Я сообщил, как свернул с «Интерстейт» у границы. Он кивнул и вздохнул:

— Только на десятке лучше не будет. В такие ночи кажется, что все население Лос-Анджелеса рванулось вон. Как будто землетрясение там или цунами с океана.

— Что делать. Ехать-то надо. Он вручил мне ключ:

— Поспи, отдохни. В любое время лучший совет.

— Карта устроит? Могу наличными.

— Сойдет и карта, пока мир стоит. А если рухнет, то какая разница?

Он рассмеялся. Я попытался улыбнуться.

Через десять минут я, скинув лишь пиджак, растянулся на жесткой койке в комнате, дезодорированной антисептиком и чрезмерно увлажненным кондиционированным воздухом, размышляя, не лучше ли было остаться на дороге. Телефон положил рядом, смежил веки и мгновенно заснул.

* * *

И проснулся часом позже, не понимая, отчего.

Уселся, оглядел комнату. Серые силуэты на фоне тьмы памяти. Взгляд поблуждал, набрел на прямоугольник окна, зацепился за него… Когда я вошел в эту комнату, желтый занавес подсвечивался снаружи вспышками небесного фейерверка.

Но фейерверк погас.

Казалось бы, условия для сна и отдыха только улучшились. Но я чувствовал, как говорится, «нутром чуял», что ни о каком сне не может быть и речи. Я легко загнал свой сон в корраль, но он, как необъезженный бронко, перемахнул через изгородь, и теперь его больше не изловишь.

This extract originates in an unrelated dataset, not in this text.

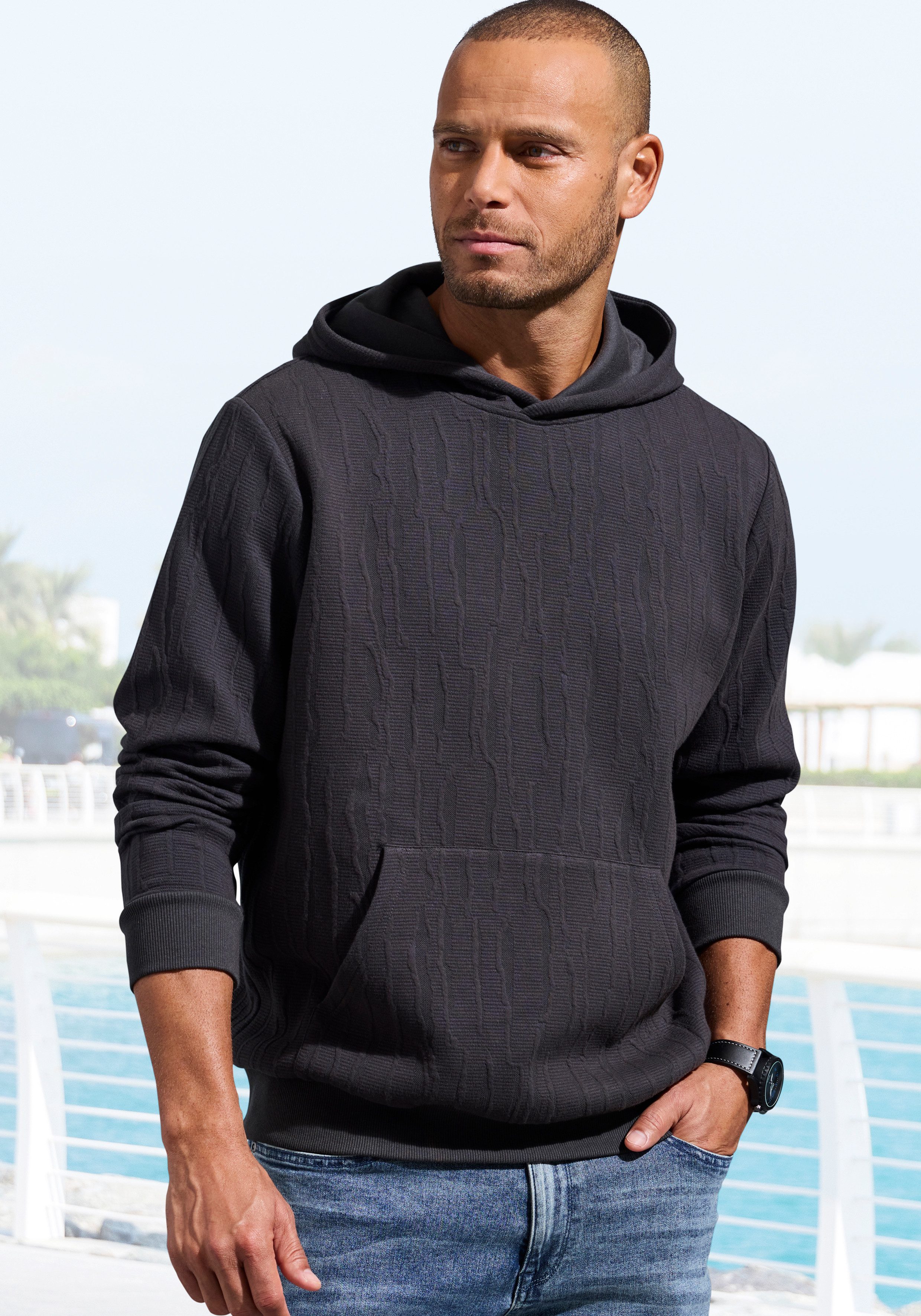 John Devin Hoodie - Struktur Sweat mit Kapuze innen angeraute Sweatware mit besonderer Struktur-Optik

Я обнаружил в номере маленькую кофеварку-перколятор, заварил чашку, выпил. Через полчаса снова глянул на часы. Стрелка, испугавшись чего-то, застряла на без пятнадцати два и дальше двигаться не желала. Самая гуща ночи. Зона утраты объективности. Хоть сейчас под душ и снова в путь.

Я оделся, проследовал пустым коридором в холл, чтобы оставить ключ, но… Фултон так и не ложился. Он сидел перед телевизором в задней комнате и высунул голову, заслышав мои шаги. Странно он выглядел. Не то поддал, не то накурился. Или что-то его безмерно поразило.